> _Your assignment_
I need the lines from the one holding "Hydra Dermabrasion hydra" to the last line of the data below repeated exactly, both included, without pictures.

> _Dataset section_
>>>>>
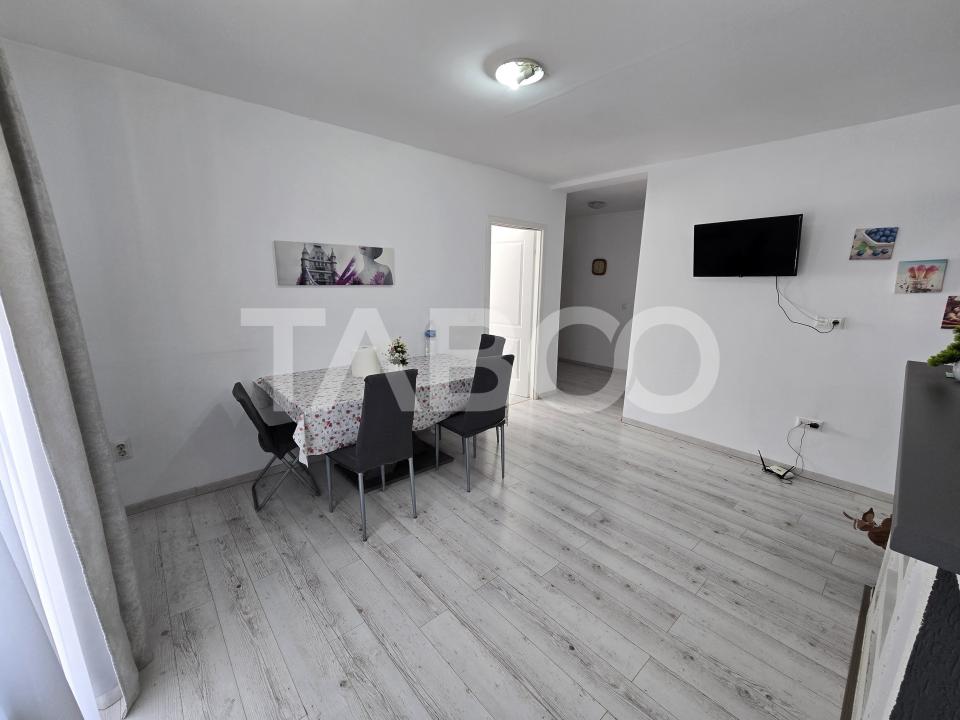 Apartament decomandat 3 camere 2 balcoane parcare etaj 1 Arhitectilor
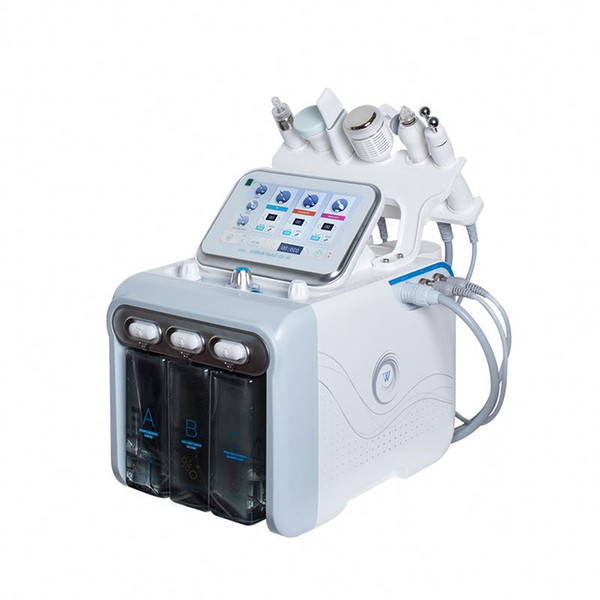 Hydra Dermabrasion hydra facial Machine Bio-lifting Spa Facial Machine Hydro Microdermabrasion Facial Beauty RF Skin Rejuvenaiton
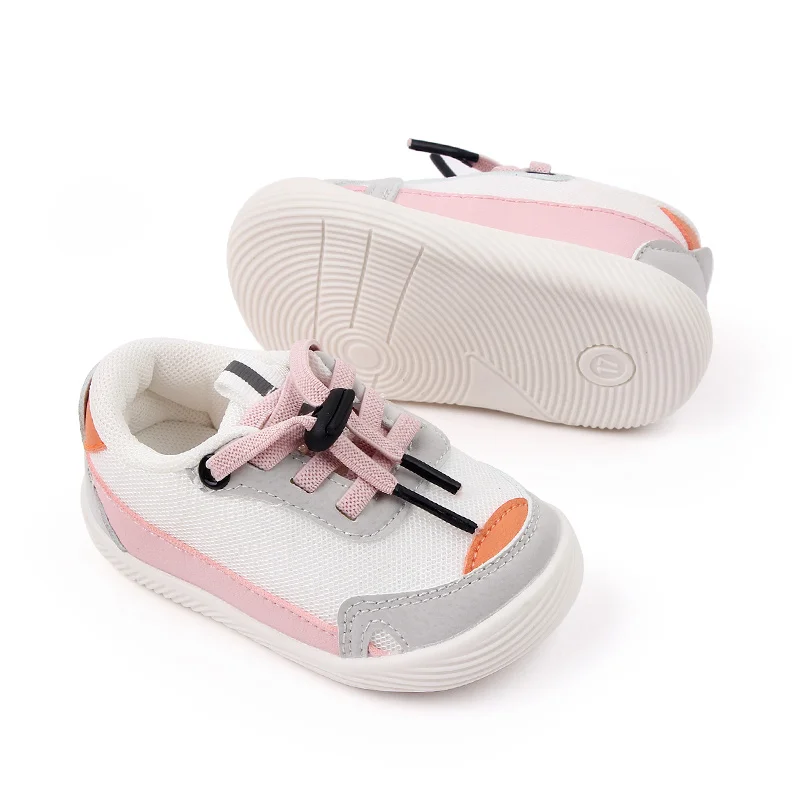 Baby Shoes Toddler Girls Boys Sports Shoes For Children Unisex spring autumn high quality shoes supplier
<<<<<
> _Task solution_
 Hydra Dermabrasion hydra facial Machine Bio-lifting Spa Facial Machine Hydro Microdermabrasion Facial Beauty RF Skin Rejuvenaiton
 Baby Shoes Toddler Girls Boys Sports Shoes For Children Unisex spring autumn high quality shoes supplier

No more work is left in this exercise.